Trump vs. Europe with a lot of Greenland in between by Marja Heikkinen
It always starts with a tweet. Then a press conference. A hat, maybe. Or a golf cart rumbling across history's grave. And just like that Greenland is in danger again.
Yes, Greenland. The Arctic island nobody invited to the geopolitical party, and yet somehow always finds itself at the center of a Donald Trump tantrum. But this time, it isn’t about “real estate potential” or mineral wealth. No. This time, it’s about Ukraine, Europe, and a man who never really understood maps or alliances.
Let’s rewind.
If Volodymyr Zelenskyy, the weary and battle-hardened Ukrainian president, dares to reject a “peace deal” concocted by Donald Trump likely scribbled on the back of a Mar-a-Lago napkin somewhere between the salad course and the Diet Coke then brace yourselves. Not only will Trump erupt into a chorus of blame, but he’ll direct his fury at the European Union. Specifically France and the United Kingdom, because nothing says “strategic” like blaming a country that already left the bloc.

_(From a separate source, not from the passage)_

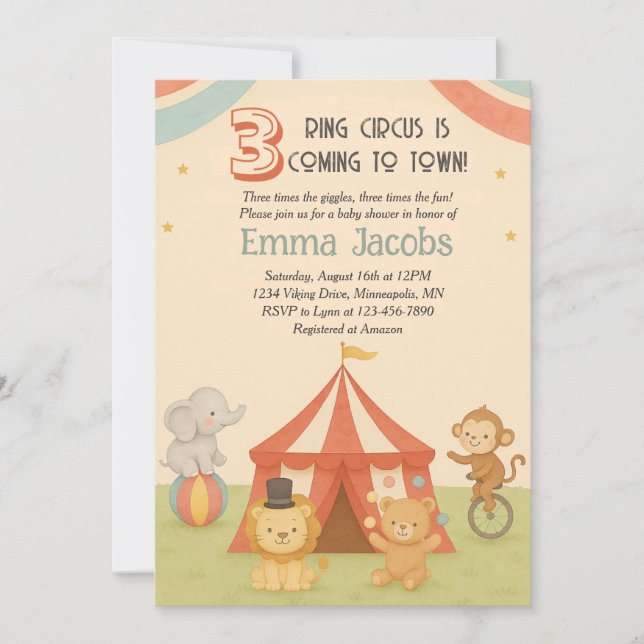 3 Ring Circus Triplet Baby Shower Invitation (Devant)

Let’s be honest: a “hard road to peace” in Trumpian parlance will likely mean capitulation to Moscow in everything but name. Borders redrawn, sovereignty diluted, and photo-ops framed in gold leaf. If Zelenskyy refuses, and he most certainly will (because Ukraine isn’t a pawn in an Atlantic City casino game), Trump will blame everyone but himself. And that’s when things get… icy.
Trump’s relationship with Europe is like a bad high school breakup. He feels betrayed. Europe, with its complex vocabulary and solar panels, never appreciated his “leadership.” In Trump’s eyes, the EU is a wine-sipping, NATO-avoiding, carbon-taxing monolith that owes America, him, specifically, gratitude, deference, and probably back rent.
So when Zelenskyy pushes back, Trump won’t call Putin. He’ll call Brussels. Or better yet, Nigel Farage. He’ll accuse France of "snobbery," Germany of "freeloading," and Macron of being a “little guy with big ideas” because insults are policy in his world. But why stop there?
Enter Greenland. Again. The geopolitical equivalent of a Labrador retriever in a chess tournament.
In 2019, Trump floated the idea of buying Greenland from Denmark. The Danes laughed. Trump, of course, sulked. And now, in this new Cold War remix, Greenland may become his pet project once again, this time, as leverage, distraction, or trophy.
He’ll say it’s strategic. He’ll claim it’s vulnerable to Chinese mining interests or Russian radar bases. He’ll suggest that Europe let it rot, like an old NATO treaty. And in a perverse way, he won’t be entirely wrong, Greenland is strategically vital, and Europe has neglected it. But Trump doesn’t do nuance. He does narrative. And Greenland is now the perfect frozen metaphor.
Trump will escalate. He’ll pull funding from Arctic climate programs, withdraw cooperation on Greenlandic infrastructure, perhaps even suggest military placement “to protect our interests.” All while accusing Europe of instigating global conflict by supporting Zelenskyy’s stubborn love of sovereignty.
It’s the international version of lighting the kitchen on fire because someone criticized your meatloaf.
Trump will push Europe into a corner, not out of strategy, but ego. He doesn’t want peace; he wants credit. And if he can’t get it from Kyiv, he’ll demand it from Copenhagen, Paris, Berlin, or whatever flag Greenland happens to wave today.
The truth is, this entire thought experiment isn’t absurd. It’s prophetic. Trump doesn’t see allies. He sees applause. If he perceives Zelenskyy’s resistance as betrayal, he’ll lash out not at Russia, but at those who embolden Kyiv. And Europe, for all its bureaucracy and brie, has a moral spine that Trump has never quite understood.
In that context, Greenland becomes a theater.icy, distant, symbolic. A place where childish grudges meet adult consequences. Because when you can’t punish Ukraine directly, you punish those who stood by her. And if that means threatening the stability of a Danish territory with 56,000 people and a lot of snow, then so be it.
After all, Trump’s world is simple: loyalty is transactional, maps are optional, and revenge is best served… glacial.
So yes. Trump. Europe. Greenland. One more trilogy we didn’t ask for. And this one doesn’t end with popcorn and applause, just sirens and melting ice.